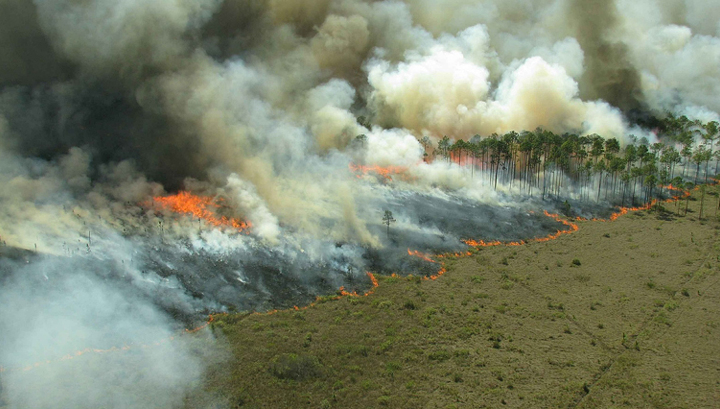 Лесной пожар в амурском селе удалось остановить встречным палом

::::::::

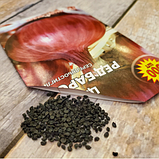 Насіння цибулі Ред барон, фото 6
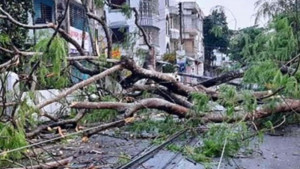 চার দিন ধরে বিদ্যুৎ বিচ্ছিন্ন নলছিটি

::::::::

▶ _BRIEF_: Because only one stretch of the records is wanted, please output the lines from the one holding "Насіння цибулі Ред барон, фото 6" through the one holding "চার দিন ধরে বিদ্যুৎ বিচ্ছিন্ন নলছিটি" exactly, both included, and leave every picture out.

▶ _RESULT BELOW_:
 Насіння цибулі Ред барон, фото 6
 চার দিন ধরে বিদ্যুৎ বিচ্ছিন্ন নলছিটি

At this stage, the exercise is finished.